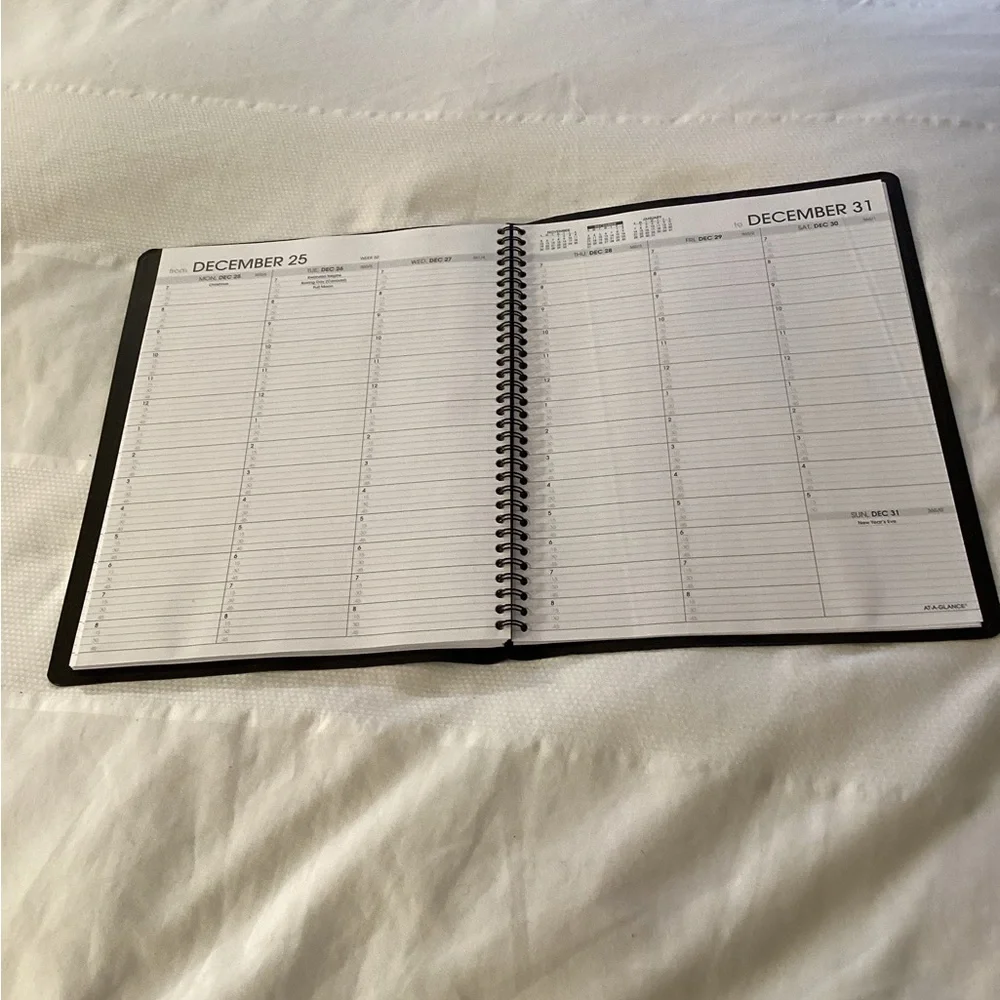 At-A-Glance Format Appointment Book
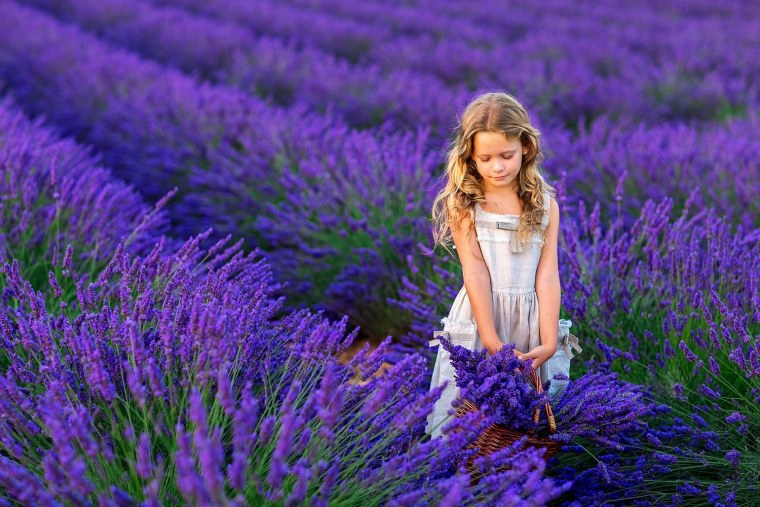 : «Лавандовый Прованс» от Оланты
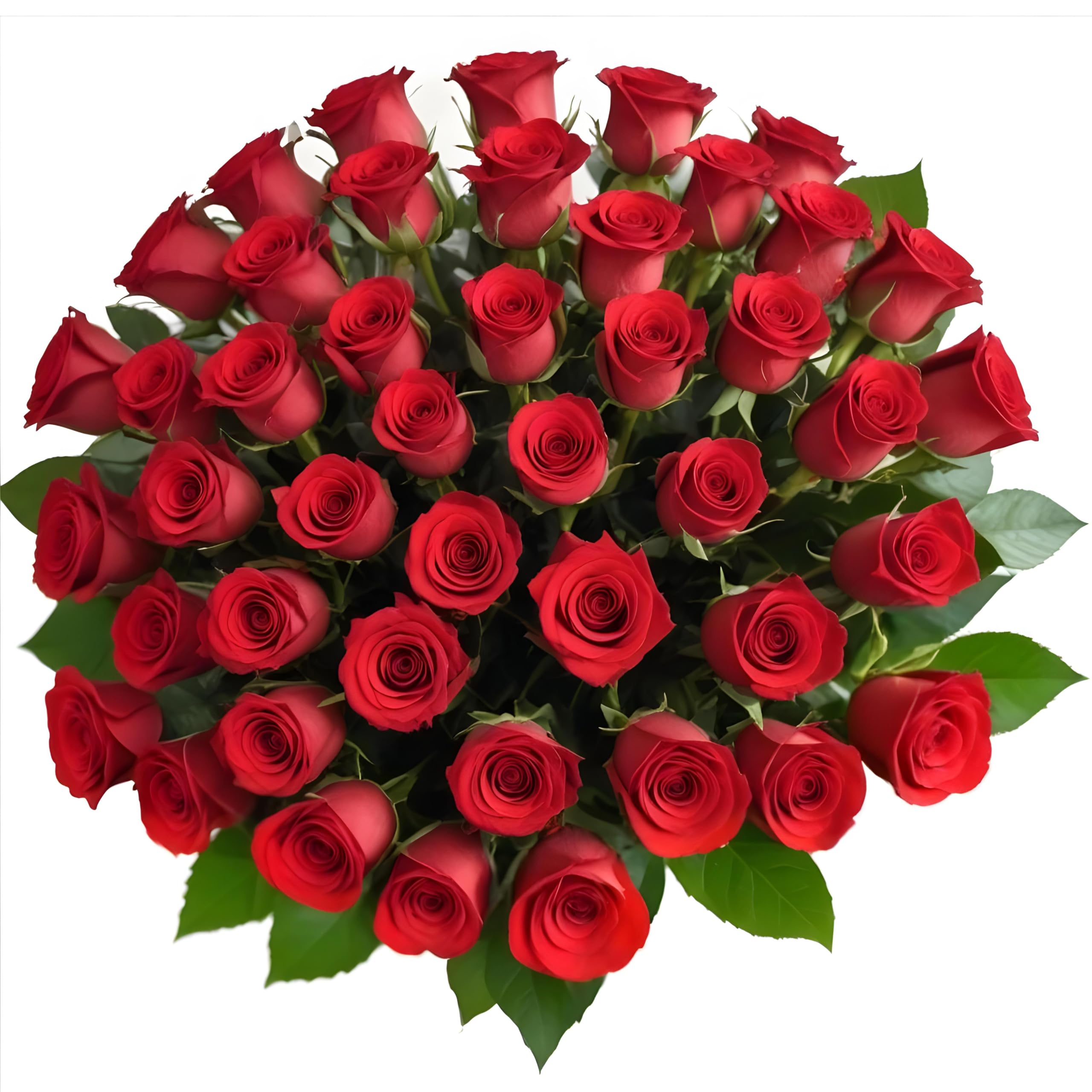 25 Pink Roses | Arabella Bouquets | Real Fresh Flowers for Delivery, Gift for Birthday Women, Congratulations, Anniversary, Thank You, Mother's Day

**WHAT YOU SHOULD DO**
Copy the data word for word. Pictures do not go in the copy.

**TASK RESULT**
 At-A-Glance Format Appointment Book
 : «Лавандовый Прованс» от Оланты
 25 Pink Roses | Arabella Bouquets | Real Fresh Flowers for Delivery, Gift for Birthday Women, Congratulations, Anniversary, Thank You, Mother's Day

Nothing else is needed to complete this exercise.